PRESS RELEASE: Chairman Chávez Blasts Anti-LGBTQ 'Conversion Therapy' & Sex Ed Bills in the House
FOR IMMEDIATE RELEASE
March 24, 2021
PHOENIX – Representative César Chávez, Chairman of the Arizona LGBTQ Legislative Caucus, spoke out against a pair of bills that moved through House committees today that target and will increase discrimination against the LGBTQ community if they become law.
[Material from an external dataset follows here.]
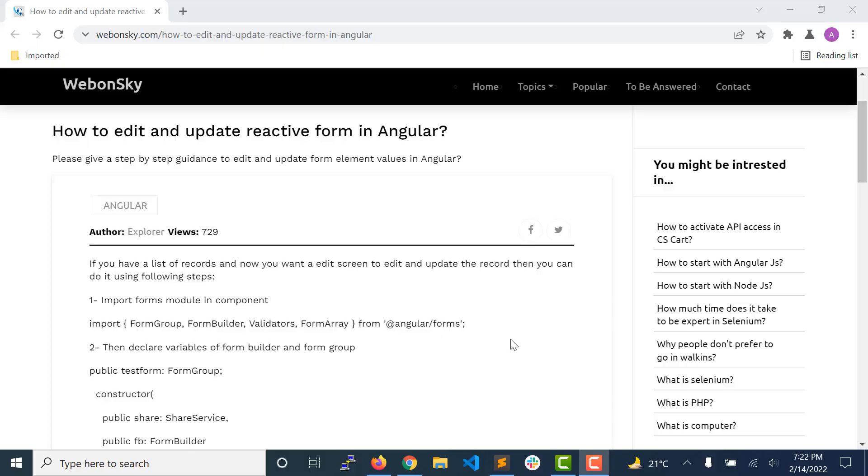Hi, welcome to my YouTube channel Webonsky. Today we will see how to work on forms when you are working on Angular. How you can deal with the form, suppose we are going to save, edit, update some records in Angular, how can you do that? Let us see in this video.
Senate Bill 1456 sponsored by Sen. Nancy Barto, which passed along party lines today in the House Judiciary Committee, would require parents of students to opt-in to sex education curriculum and any instruction involving gender identity, gender expression or sexuality. Then a strike-everything amendment to Sen. Vince Leach's Senate Bill 1269 by House Criminal Justice Reform Committee Chairman Walt Blackman reignited a stalled effort to prevent Arizona communities from banning harmful and discredited "conversion therapy" for those who identify as LGBTQ. Blackman's amendment – which passed on party lines -- called for a wide-ranging prohibition on state regulation of health profession, but Chávez and LGBTQ members of the public who testified said the bill was really aimed at clearing the way for harmful and unethical "conversion" therapists.
"In 2019 the Arizona Legislature took a big step into the 21st Century when Democrats and Republicans in the House voted 55-9 to repeal Arizona's discriminatory 'No Promo Homo' law that demeaned and dismissed LGBTQ youth in our schools for decades," said Chávez, D-Phoenix. "Today some of those same members put that progress into reverse. With Senate Bill 1456, instead of working on legislation to accept and promote empathy towards a population, we are confronted with legislation that does nothing more than discriminate and assumes that a certain population is taboo or immoral. It is appalling that my identification and who I am would be deemed immoral. And finally, sexual orientation is not a choice. Conversion therapy is dangerous, widely discredited and only harms youth or anyone who is subjected to it. Using a strike-everything amendment to try and hamstring any regulatory control over a practice that is a proven danger to the public is reprehensible."